Thursday, October 02, 2008

And, over at the Legal Profession Blog . . . .

I've reproduced a letter that a friend sent to me (see post here) to illustrate how obstreperous some attorneys can be. I'm not so sure that the reference to Dallas is gratuitous--you might want to watch this clip (here) from the song "Dallas, Texas," on the Austin Lounge Lizards' Highway Cafe of the Damned CD.

This reminds me of Judge Markell's opinion in In re Martinez, 393 B.R. 27 (Bankr. D. Nev. 2008), in which the court sanctioned the attorneys for Wells Fargo (and Wells Fargo itself) for refusing to correct a stipulation allowing relief from the automatic stay ON THE WRONG HOUSE. As the opinion explains,
This court is concerned that Cooper Castle and its lawyers sacrificed their professional independence to the demands of a large institutional client. They should have counseled Wells Fargo to agree to vacate the mistaken stipulation, and informed them that any other course of conduct was unreasonable and one in which they could not participate. Instead, they followed Wells Fargo's instructions without apparent regard to their professional obligations. In short, rather than remain as independent professionals counseling Wells Fargo, Cooper Castle and its lawyers instead chose to become unthinking agents for Wells Fargo's ends.
Failing to cooperate when the circumstances clearly call for it is a Very Bad Idea.

2 comments:

Anonymous said...

Last time I checked, attorneys couldn't withdraw orders that gave their clients rights without the clients permission. I would suggest reading the whole case. A stipulation was signed by both sides and entered as a court order. I would hope that your position isn't that a lawyer should file a rescission of any order WITHOUT their clients permission or worse in contradiction of the clients order. This opinion made little sense about this matter.

Richard Peck said...

Dear Anon:

If you read the whole Martinez decision, you no doubt noticed the absence of a dispute that the stipulation was executed by mistake. You already recognize that a stipulation is a contract because you noticed it was signed by both sides. Substantial authority supports the proposition that a stipulation signed by both parties is effective ab initio, with or without the judge's signature, for precisely that reason.

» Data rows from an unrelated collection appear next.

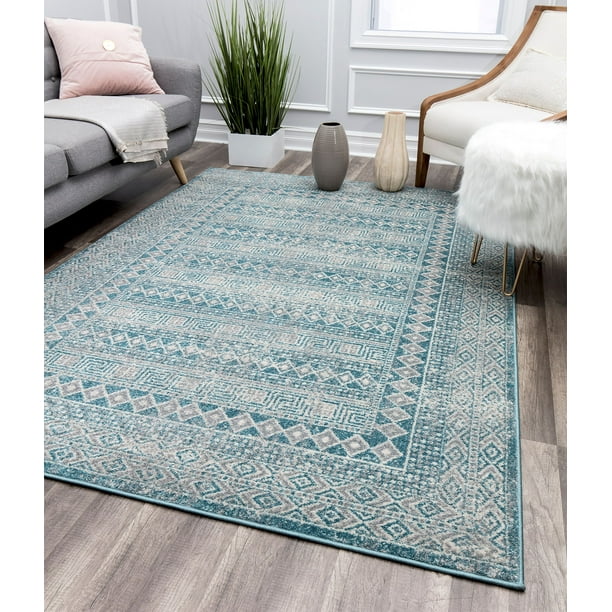 Rugs America Hailey Collection Maiden, Blue Transitional Area Rugs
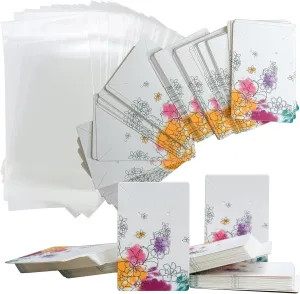 Necklace Display Cards With Bags Earring Display Cards Sets Earring Packing Holder Cards With bags Jewelry Packing For Earring Necklace Jewelry Packing 100Pack Paper 100Pack Bags 3.5 x 2.4 Inch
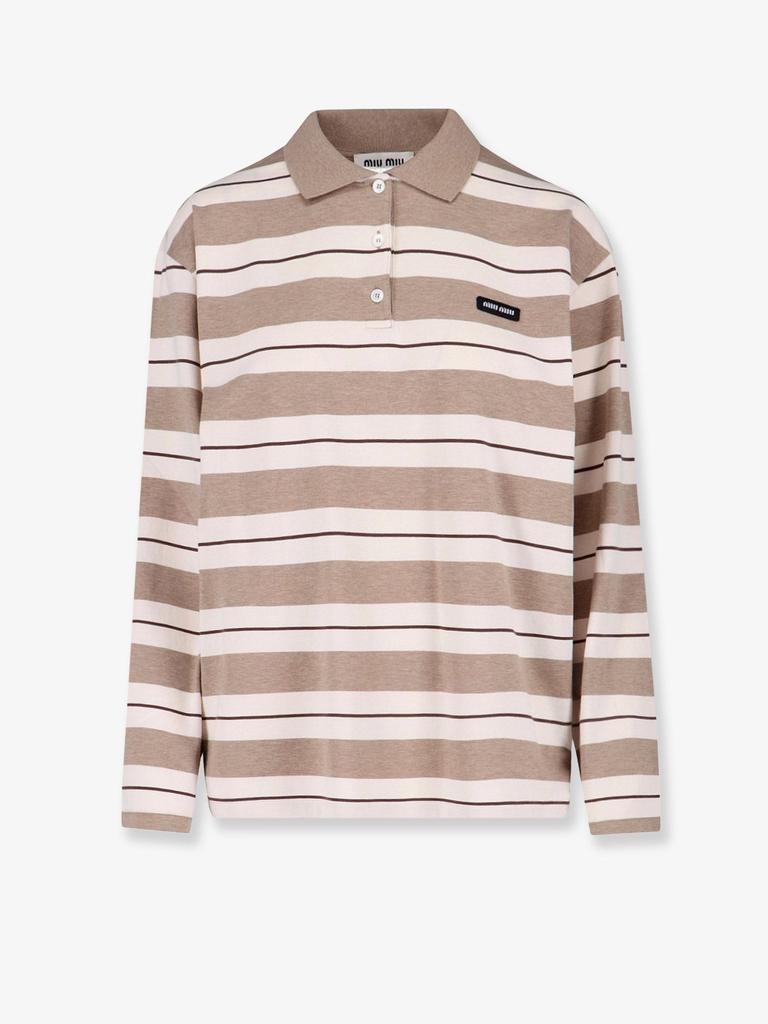 Miu Miu Striped cotton polo shirt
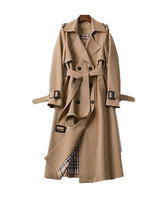 Damen Mantel mit doppelreihiger Knopfleiste und Taillengürtel in Beige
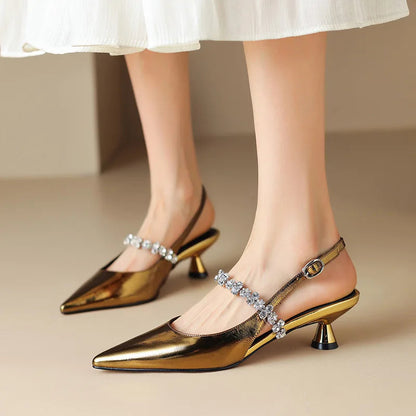 Sienna | Women's Crystal Strap Slingback Heels Pointed Toe Pumps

You must also recall that the doctrine of mutual mistake allows a court to void a contract that is executed as a result. Even without the doctrine of mutual mistake, 11 USC 105(a) grants a bankruptcy judge such as Judge Markell the power to do just about anything he damn well pleases in the name of equity.

Since there is no dispute the stipulation is a mistake, a motion to vacate it would undoubtedly be granted. In that light, let's look at the "client's rights." Wells Fargo had a stipulation it knew the court would vacate. What's that worth, exactly? (Think of Lehman Brothers stock.)

Just because a client has an attorney doesn't mean Rule 11 goes away. If an attorney tells a client there's no legal basis to oppose a motion and the client says do it anyway, the attorney has every right (and ought to have the professional backbone) to insist the client agree up front to pay any sanction that might result.

More often than not, the client could give a rat's ass about legal ethics -- just win, baby. But all clients care about money. So, in client-speak,"I can oppose it, but the judge is going to grant it no matter what, so you might as well save your money." Why spend money to lose when I can lose for free?

Far too many attorneys use the "I would if it were up to me, but my client won't allow it" gambit to try to camouflage either their unprofessional conduct or their just plain laziness. The stipulation was executed by mistake. Wells Fargo couldn't have given its counsel authority to make a mistake, could it? So wasn't the stipulation signed without Wells Fargo's Authority? Why would the attorney need Wells Fargo's consent to correct his or her own mistake? Of course, he or she doesn't.

Without 'fessin up to a mistake, I surmise that had the attorney simply told Wells Fargo,"The judge's going to vacate the stipulation no matter what we do. I can oppose it if you want, but I recommend you save your money -- you've got better places to spend it," "consent" would have been no problem. That's part of the advice clients pay lawyers to give. Those who shy away from giving it do neither themselves nor their clients a good service.